Na cozinha, nos servimos e nos sentamos no balcão. A comida até que estava saborosa e até a tia Isa provou. Começamos a conversar algumas amenidades e a falar sobre a faculdade, mas em determinado momento meu telefone começou a tocar, era a Júlia. Fazia pouco mais de um ano desde que terminamos e aos poucos estávamos voltando com a amizade de antes. Atendi.
— Oi, Jú?
— Oli, fazendo o quê? - pergunta ela do outro lado da linha.
— Tô na casa do Pedro! Por que? - questiono.
— Ia te chamar para lanchar, mas você já está em um programa pelo visto! Aliás, vocês nem para me chamar, né? - me cobra.
— Nem fique chateada, só vim porque o Pedro praticamente me obrigou! Fez chantagem emocional, acredita? E ainda colocou você no meio, disse que não estávamos dando atenção para ele. - Pedro que me observava, sorriu, e se meteu no meio da conversa.
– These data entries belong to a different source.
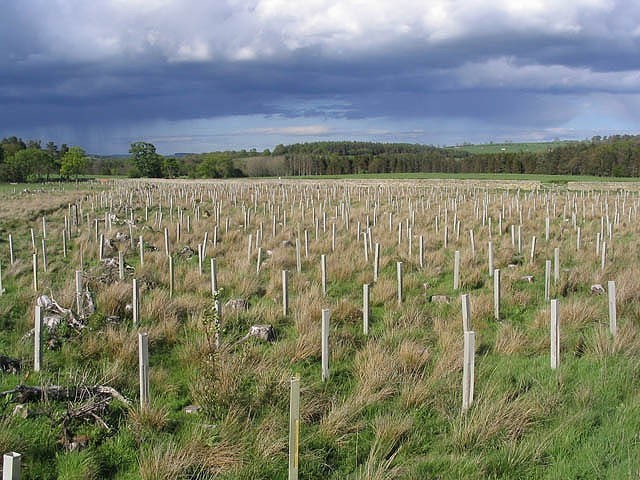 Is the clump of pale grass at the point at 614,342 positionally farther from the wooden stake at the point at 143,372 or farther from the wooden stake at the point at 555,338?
the wooden stake at the point at 143,372

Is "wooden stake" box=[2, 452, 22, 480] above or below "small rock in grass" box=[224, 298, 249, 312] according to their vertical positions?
above

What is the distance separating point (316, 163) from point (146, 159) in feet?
124

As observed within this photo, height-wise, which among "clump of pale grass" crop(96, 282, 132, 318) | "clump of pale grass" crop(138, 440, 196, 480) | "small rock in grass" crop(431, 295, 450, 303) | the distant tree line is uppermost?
the distant tree line

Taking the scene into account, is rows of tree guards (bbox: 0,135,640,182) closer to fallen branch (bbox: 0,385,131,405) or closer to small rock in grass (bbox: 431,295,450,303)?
small rock in grass (bbox: 431,295,450,303)

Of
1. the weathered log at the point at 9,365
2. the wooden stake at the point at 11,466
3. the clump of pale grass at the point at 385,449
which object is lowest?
the clump of pale grass at the point at 385,449

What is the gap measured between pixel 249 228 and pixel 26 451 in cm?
1638

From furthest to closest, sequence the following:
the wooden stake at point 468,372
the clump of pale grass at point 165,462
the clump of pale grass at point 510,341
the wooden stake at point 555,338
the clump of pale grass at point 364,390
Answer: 1. the clump of pale grass at point 510,341
2. the wooden stake at point 555,338
3. the wooden stake at point 468,372
4. the clump of pale grass at point 364,390
5. the clump of pale grass at point 165,462

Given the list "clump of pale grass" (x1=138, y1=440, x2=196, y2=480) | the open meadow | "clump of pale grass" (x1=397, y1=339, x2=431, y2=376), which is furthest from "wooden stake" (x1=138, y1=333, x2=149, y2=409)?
"clump of pale grass" (x1=397, y1=339, x2=431, y2=376)

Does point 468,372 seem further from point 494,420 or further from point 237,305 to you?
point 237,305

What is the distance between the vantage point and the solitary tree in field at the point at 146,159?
11681 cm

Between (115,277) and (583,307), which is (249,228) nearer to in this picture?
(115,277)

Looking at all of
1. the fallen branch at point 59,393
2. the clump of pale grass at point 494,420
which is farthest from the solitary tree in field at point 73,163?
the clump of pale grass at point 494,420

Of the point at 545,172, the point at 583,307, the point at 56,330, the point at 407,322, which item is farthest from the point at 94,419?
the point at 545,172

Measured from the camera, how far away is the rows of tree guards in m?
92.9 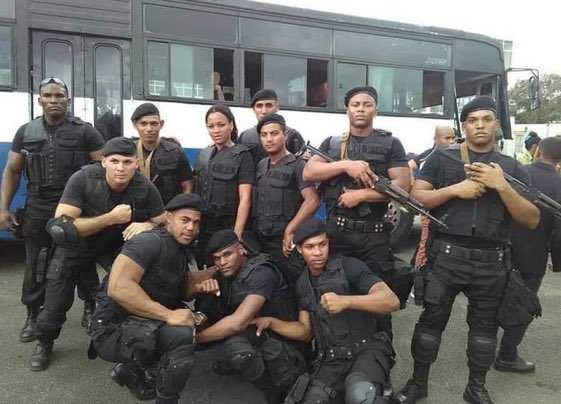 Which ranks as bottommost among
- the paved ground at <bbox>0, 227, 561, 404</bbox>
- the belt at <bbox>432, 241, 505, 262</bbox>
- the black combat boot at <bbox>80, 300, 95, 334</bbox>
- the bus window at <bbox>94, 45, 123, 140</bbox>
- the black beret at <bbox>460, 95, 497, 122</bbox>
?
the paved ground at <bbox>0, 227, 561, 404</bbox>

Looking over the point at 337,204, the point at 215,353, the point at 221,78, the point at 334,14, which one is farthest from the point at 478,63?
the point at 215,353

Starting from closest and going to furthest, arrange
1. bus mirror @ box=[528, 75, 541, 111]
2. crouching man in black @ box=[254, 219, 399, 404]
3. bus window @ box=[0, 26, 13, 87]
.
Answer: crouching man in black @ box=[254, 219, 399, 404]
bus window @ box=[0, 26, 13, 87]
bus mirror @ box=[528, 75, 541, 111]

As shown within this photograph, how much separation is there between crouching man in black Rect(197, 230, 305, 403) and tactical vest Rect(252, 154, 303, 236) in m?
0.43

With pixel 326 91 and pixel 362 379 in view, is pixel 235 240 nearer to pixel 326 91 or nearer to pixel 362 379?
pixel 362 379

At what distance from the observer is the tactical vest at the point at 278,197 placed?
3.35 m

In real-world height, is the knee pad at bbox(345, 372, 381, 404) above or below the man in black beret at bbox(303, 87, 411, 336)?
below

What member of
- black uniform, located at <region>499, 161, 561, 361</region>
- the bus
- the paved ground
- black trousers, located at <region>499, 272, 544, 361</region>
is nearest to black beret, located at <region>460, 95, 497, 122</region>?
black uniform, located at <region>499, 161, 561, 361</region>

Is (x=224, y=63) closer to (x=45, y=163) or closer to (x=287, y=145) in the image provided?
(x=287, y=145)

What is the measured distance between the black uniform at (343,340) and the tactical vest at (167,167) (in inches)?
59.9

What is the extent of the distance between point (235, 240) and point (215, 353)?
0.63 metres

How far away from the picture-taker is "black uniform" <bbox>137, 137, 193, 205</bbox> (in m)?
3.74

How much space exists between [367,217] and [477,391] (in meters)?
1.14

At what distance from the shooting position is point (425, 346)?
9.14ft

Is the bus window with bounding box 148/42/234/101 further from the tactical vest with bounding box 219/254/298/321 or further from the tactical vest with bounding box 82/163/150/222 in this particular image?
the tactical vest with bounding box 219/254/298/321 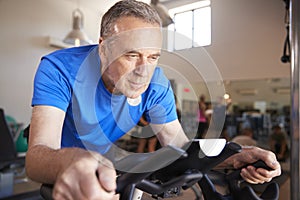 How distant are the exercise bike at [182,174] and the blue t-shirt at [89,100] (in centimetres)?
12

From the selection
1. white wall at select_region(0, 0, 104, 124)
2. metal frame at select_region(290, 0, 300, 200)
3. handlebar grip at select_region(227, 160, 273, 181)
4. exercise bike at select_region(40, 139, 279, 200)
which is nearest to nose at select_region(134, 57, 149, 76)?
exercise bike at select_region(40, 139, 279, 200)

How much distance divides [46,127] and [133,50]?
6.3 inches

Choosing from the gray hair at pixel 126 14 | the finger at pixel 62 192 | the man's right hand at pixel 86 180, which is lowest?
the finger at pixel 62 192

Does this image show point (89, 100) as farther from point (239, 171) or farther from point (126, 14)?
point (239, 171)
— E não é verdade? Vocês ano passado mesmo me abandonaram. - diz ele se referindo, mesmo inocentemente, ao nosso processo de superação. A Júlia ouve e também sorri.
— Diz para ele que quem tem que dar atenção para ele, são as quengas que ele arruma. - responde. Repito para ele o que ela acabara de dizer. E ele apenas ri também. — Mas aproveitem aí bebês. Depois me liga para gente marcar para sair. Beijo para vocês. - conclui ela se despedindo.
— Ligo sim, beijo! - digo e desligo. — Era para termos chamado ela também. - comento.
— Amanhã ou depois eu ligo para ela vir. Quero passar mais tempo contigo. - diz Pedro. Era bom saber que ele gostava da minha companhia.
— Hmm, então quer dizer que você gosta de me ter por perto? - zombo.
— Mas é claro! Meu macho tem que ficar grudado em mim.
— Seu macho? Eu tenho dono agora? Nem pedido em namoro eu fui. - continuo, embarcando naquela brincadeira.
— E precisa? Todo mundo sabe que tu é minha vadiazinha. - rebate se levantando e levando nossos pratos, agora vazios, para pia.
— Se a tia Isa escutar isso vai dar mais lenha ainda para ela dizer que nós dois se pega - respondo me levantando também. — Vamos sair para onde? - pergunto me espreguiçando.
— Eu não sei, mas não queria ficar em casa! - Pedro diz — Mas se quiser ficar aqui tudo bem!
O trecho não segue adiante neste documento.